— Description of the task —
Would you copy only the lines below, from the one containing "3 sillas de" through the very last one, leaving the pictures out?

— Recorded information —
::::::::::
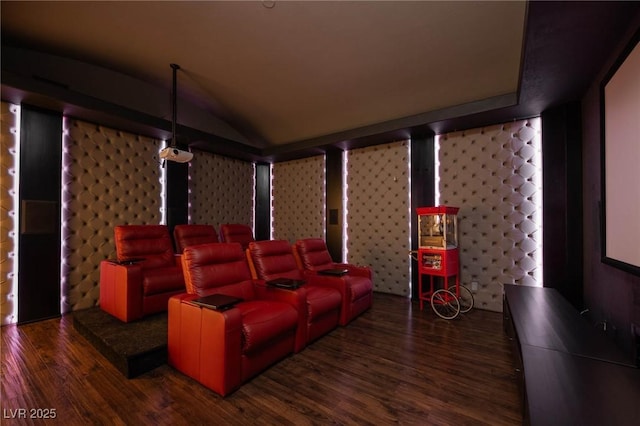 cinema room featuring dark wood-type flooring and lofted ceiling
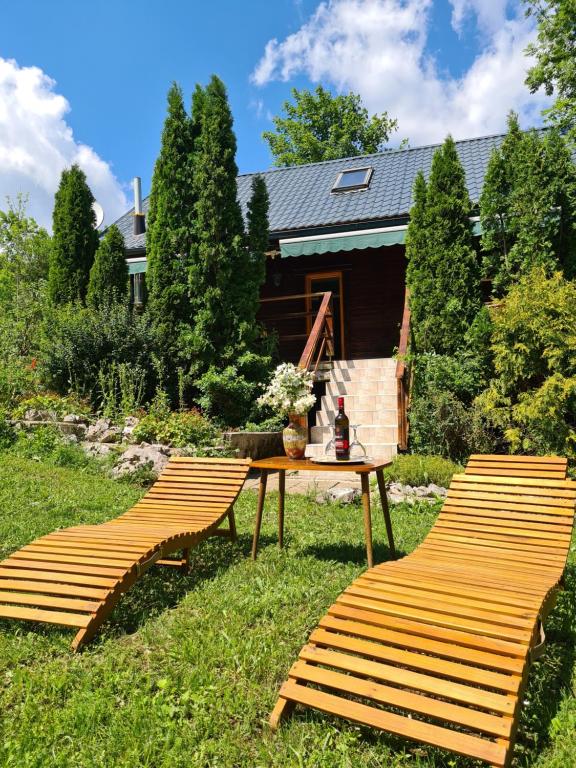 3 sillas de madera y una mesa en el césped en House Poljana, en Lagos de Plitvice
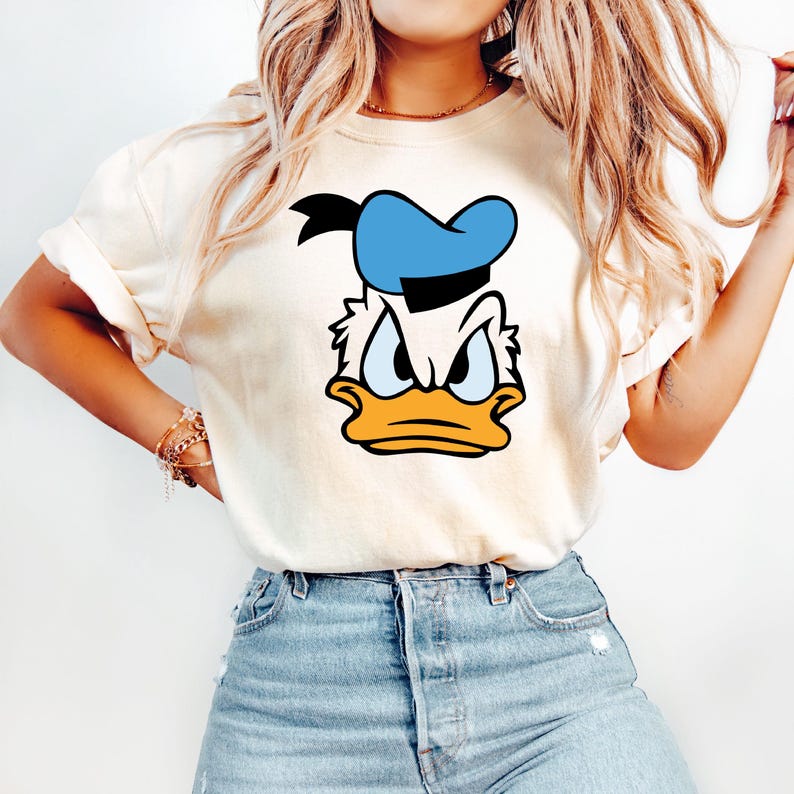 May include: Cream-colored t-shirt featuring a cartoon graphic of Donald Duck's face. The design includes a blue sailor hat, an orange beak, and an angry expression. The shirt is paired with blue denim jeans.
::::::::::
— Response area —
 3 sillas de madera y una mesa en el césped en House Poljana, en Lagos de Plitvice
 May include: Cream-colored t-shirt featuring a cartoon graphic of Donald Duck's face. The design includes a blue sailor hat, an orange beak, and an angry expression. The shirt is paired with blue denim jeans.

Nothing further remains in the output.